▶

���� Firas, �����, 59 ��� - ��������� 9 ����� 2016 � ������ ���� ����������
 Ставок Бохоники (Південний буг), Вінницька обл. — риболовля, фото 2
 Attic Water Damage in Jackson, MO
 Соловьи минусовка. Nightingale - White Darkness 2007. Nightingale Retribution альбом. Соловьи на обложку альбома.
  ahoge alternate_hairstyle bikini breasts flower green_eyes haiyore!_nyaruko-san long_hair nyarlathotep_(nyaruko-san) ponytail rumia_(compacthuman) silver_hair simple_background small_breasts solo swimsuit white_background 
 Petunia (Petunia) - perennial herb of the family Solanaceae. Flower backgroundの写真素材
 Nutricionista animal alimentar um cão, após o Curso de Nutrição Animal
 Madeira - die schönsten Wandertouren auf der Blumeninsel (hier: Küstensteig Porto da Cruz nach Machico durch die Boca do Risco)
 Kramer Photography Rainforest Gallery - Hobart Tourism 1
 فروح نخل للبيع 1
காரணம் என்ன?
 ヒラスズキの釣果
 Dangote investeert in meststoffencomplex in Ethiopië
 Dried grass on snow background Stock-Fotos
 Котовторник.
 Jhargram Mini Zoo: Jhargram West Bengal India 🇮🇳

◀

Give the data again, exactly as written.

���� Firas, �����, 59 ��� - ��������� 9 ����� 2016 � ������ ���� ����������
 Ставок Бохоники (Південний буг), Вінницька обл. — риболовля, фото 2
 Attic Water Damage in Jackson, MO
 Соловьи минусовка. Nightingale - White Darkness 2007. Nightingale Retribution альбом. Соловьи на обложку альбома.
  ahoge alternate_hairstyle bikini breasts flower green_eyes haiyore!_nyaruko-san long_hair nyarlathotep_(nyaruko-san) ponytail rumia_(compacthuman) silver_hair simple_background small_breasts solo swimsuit white_background 
 Petunia (Petunia) - perennial herb of the family Solanaceae. Flower backgroundの写真素材
 Nutricionista animal alimentar um cão, após o Curso de Nutrição Animal
 Madeira - die schönsten Wandertouren auf der Blumeninsel (hier: Küstensteig Porto da Cruz nach Machico durch die Boca do Risco)
 Kramer Photography Rainforest Gallery - Hobart Tourism 1
 فروح نخل للبيع 1
காரணம் என்ன?
 ヒラスズキの釣果
 Dangote investeert in meststoffencomplex in Ethiopië
 Dried grass on snow background Stock-Fotos
 Котовторник.
 Jhargram Mini Zoo: Jhargram West Bengal India 🇮🇳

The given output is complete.